Furthermore, Hunt makes it clear in this same letter to Tupper that his dislike of Dante — and the Italians — had another source, for as he told his friend, he made his criticisms "with a strong fiendish determination because it seemed to me from one or two words you said you had been talked over too much by William [M. Rossetti]. We could not then go into the subject — it was about Macchiavelli. I am hot on the subject for I believe that these Italian geniuses little by little are spoiling the standard of morality in English literature. Nothing makes me wish I could write well more than the desire to avow my ideas on this subject and in a despair on this point, I wish I could make somebody else a convert to my views". His mention here and in other letters of "these Italian geniuses" and "professional geniuses" suggests that his increasing dislike of Dante Gabriel Rossetti and his supporters contributed importantly to his distaste for Dante Alighieri. Certainly, his striking out at the greater Dante's morality and character served Hunt as a way to criticize the man whom he came to believe had betrayed him in a number of ways — ways which ranged from philandering with the woman Hunt had planned to marry to claiming undue importance in the foundation of an artistic movement that Hunt thought he had done much to destroy. He wrote to Tupper that "to attack Dante requires indifference to the opinions of all professional geniuses or their admirers, the largest and most influential class in intellectual society in Europe" [ALS July 1870 (Huntington Uncat. L/F]; and perhaps the desire not to seem eccentric on yet another point made Hunt refrain from making such comments in Pre-Raphaelitism and the Pre-Raphaelite Brotherhood where discussion of the great Italian poet is conspicuously absent.

At any rate, Hunt's dislike for Dante encouraged him to hold even more fiercely his beloved nationalistic theory of the arts. This artistic nationalism, one should emphasize, was never a simple narrowminded chauvinism. Rather, like Ruskin, the painter believed that every nation's arts were the expression of its character as well as its testament to later ages. He was therefore always troubled by the thought that England might fail to leave such an artistic legacy, and whenever possible he did his best to encourage the creation of a uniquely English art and poetry. Characteristically, he wrote to Sir William Watson on September 25, 1891:

Your poems come to me bringing pleasure. . . . The imagination is more welcome because it is English — that is manly, open aired and rebounding. The strain of much recent poetry is too self retired for our red blooded race. One may profit by a mood for Dante, but it is then only for part of our complete appetite.

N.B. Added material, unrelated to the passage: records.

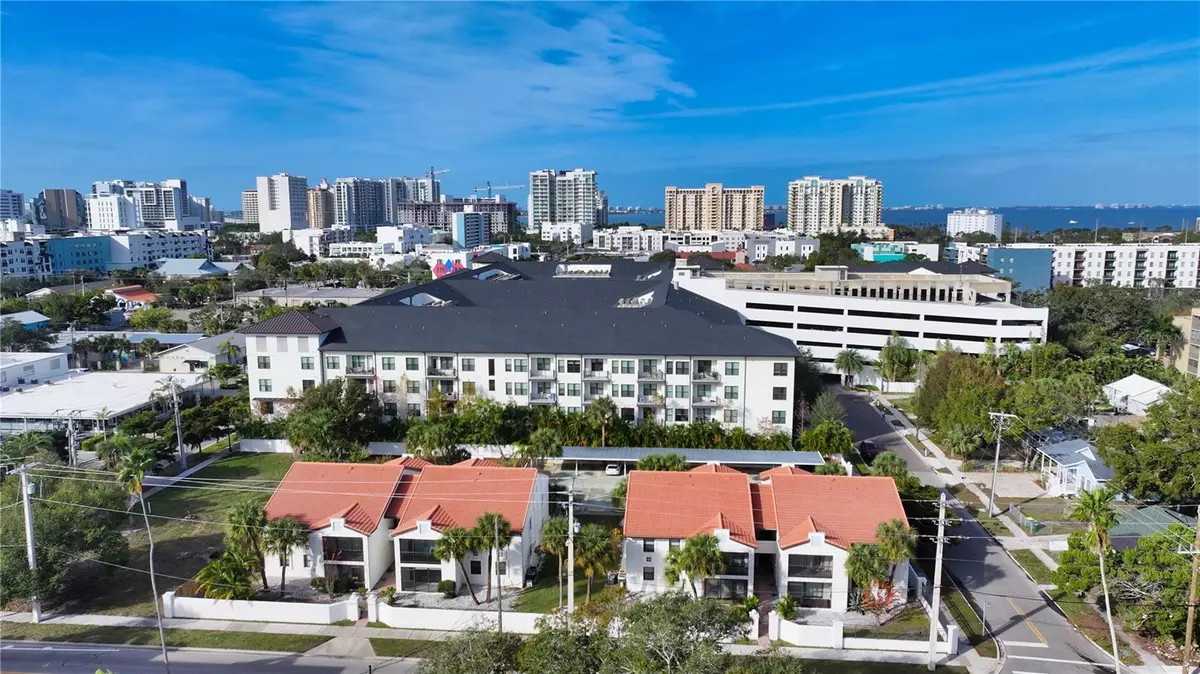 Sarasota, FL 34236,631 N ORANGE AVE #208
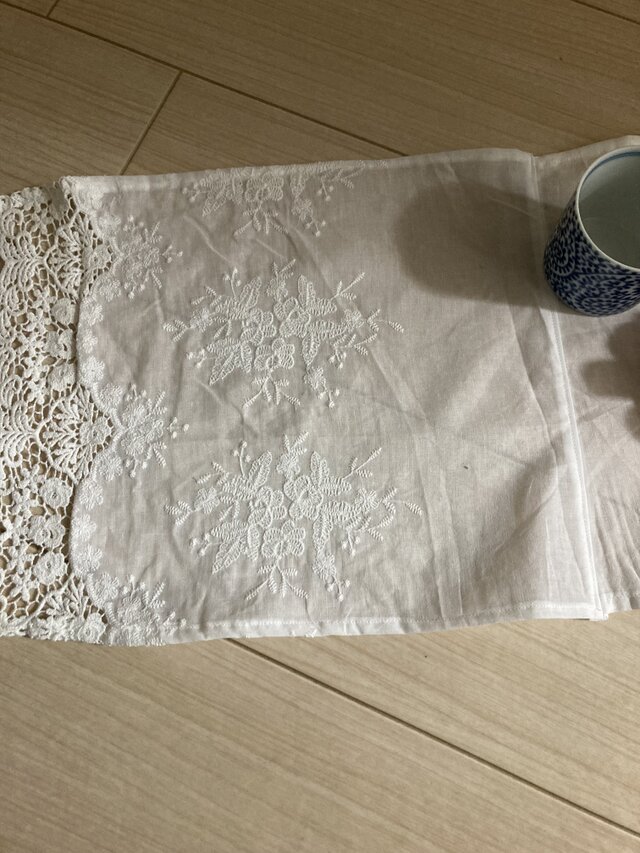 ✳︎ハンドメイド✳︎コットンスカラップ刺繍のフリークロス | iichi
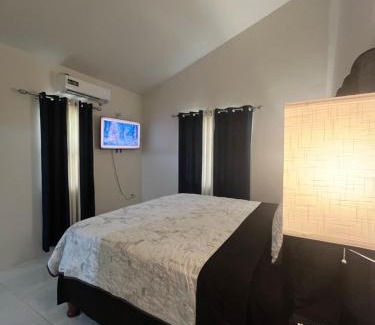 Discovery Bay House | Sun Sand n Sea Sojourn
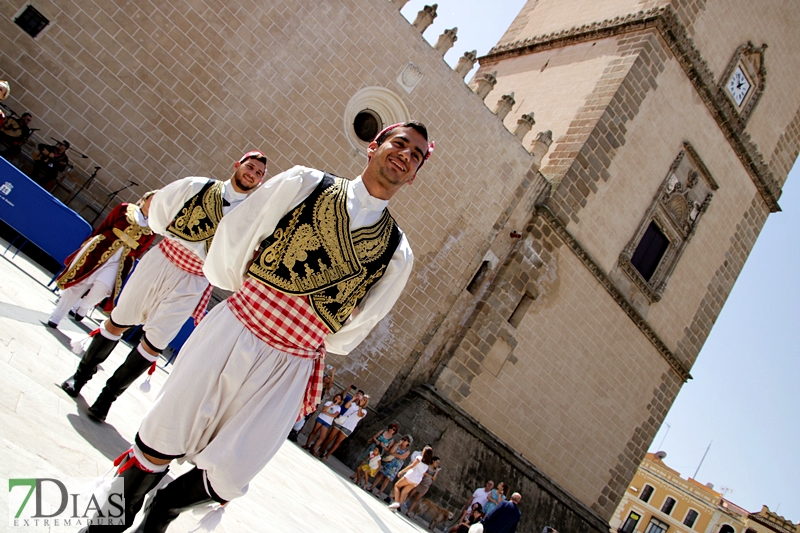 Acogida institucional a los países del Festival Folclórico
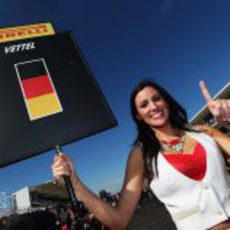 La 'pit babe' de Sebastian Vettel en la parrilla de EE.UU. 2012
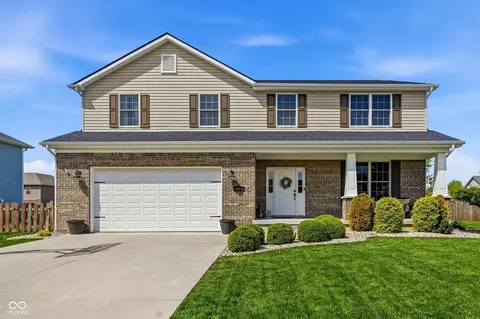 3051 Hawthorn Dr, Lapel, IN 46051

Adopted in our language the strain [has] grown stale and jaundiced even when the form is accomplished, as it often is. Perhaps I have more determinedly formed this opinion from having seen much of the insincerity of the sentiments thus expressed, and poetry is worth nothing if it is not a genuine revelation of the inventors soul. I hail with comfort all indications of return to the honest tone of mind of Dan Chaucer, and of all true Britons since. The stilted posing vanity cabins all sterling [or: starting] vitality; in my Art in one form or the other — like the tares which the evil one sewed — it is always trying to choke up the real bread of life.[Yale University Library (Ms Vault/Shelves/Hunt)]

As Holman Hunt's closing remark makes clear, his views of poetry were always closely related to his conceptions of painting — and always implicit defenses of his own form of Pre-Raphaelitism. Earnest to the end, Hunt conceived of painting and poetry as sacred enterprises, and those who misused them as servants of the Evil One.